Short text fragments from websites:
:::
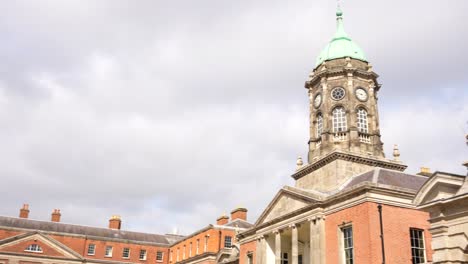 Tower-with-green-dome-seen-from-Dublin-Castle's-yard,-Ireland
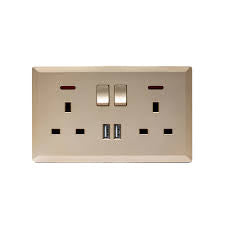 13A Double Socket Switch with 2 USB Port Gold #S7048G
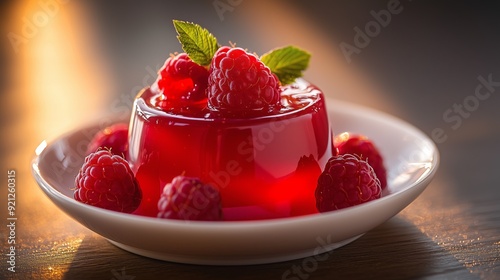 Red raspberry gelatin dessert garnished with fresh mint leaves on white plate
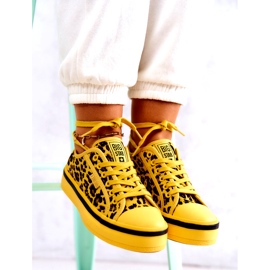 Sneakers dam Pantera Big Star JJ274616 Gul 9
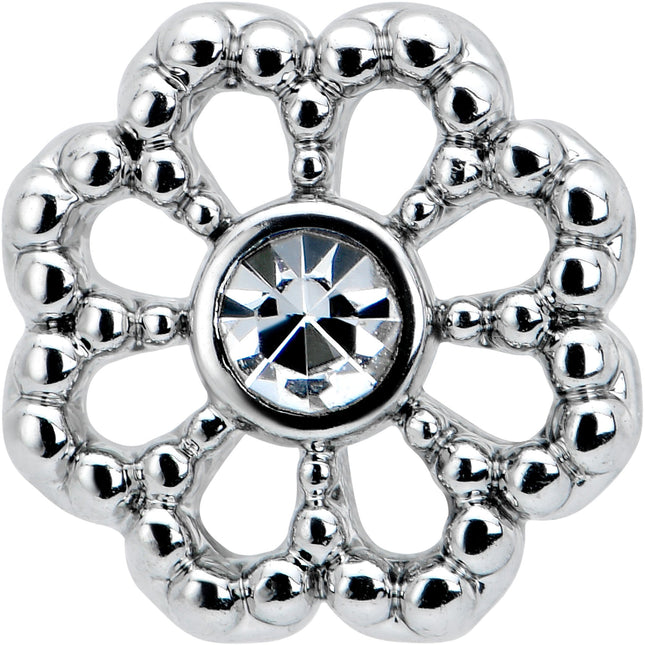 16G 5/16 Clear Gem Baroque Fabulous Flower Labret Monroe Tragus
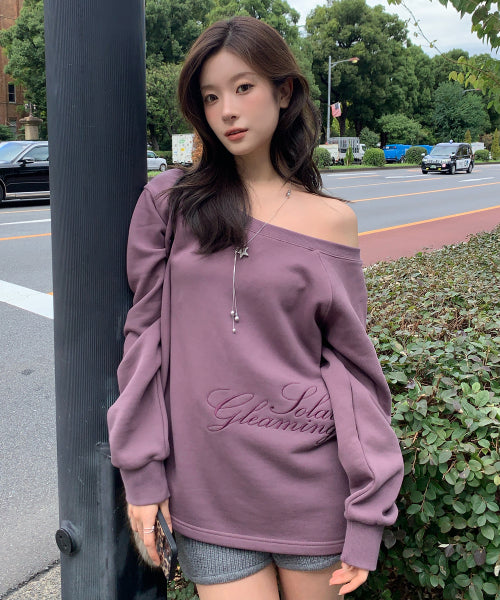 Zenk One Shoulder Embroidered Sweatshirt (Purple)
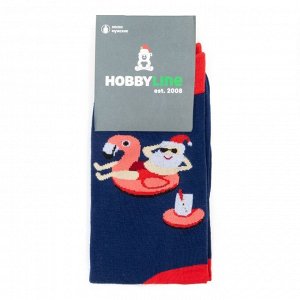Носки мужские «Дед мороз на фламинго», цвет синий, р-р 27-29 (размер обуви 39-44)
:::
(TASK STATEMENT): May I have only the lines from the start of the data through the line containing "Sneakers dam Pantera Big Star JJ274616 Gul 9", both included, reproduced exactly and without the pictures?

(EXPECTED ANSWER):
 Tower-with-green-dome-seen-from-Dublin-Castle's-yard,-Ireland
 13A Double Socket Switch with 2 USB Port Gold #S7048G
 Red raspberry gelatin dessert garnished with fresh mint leaves on white plate
 Sneakers dam Pantera Big Star JJ274616 Gul 9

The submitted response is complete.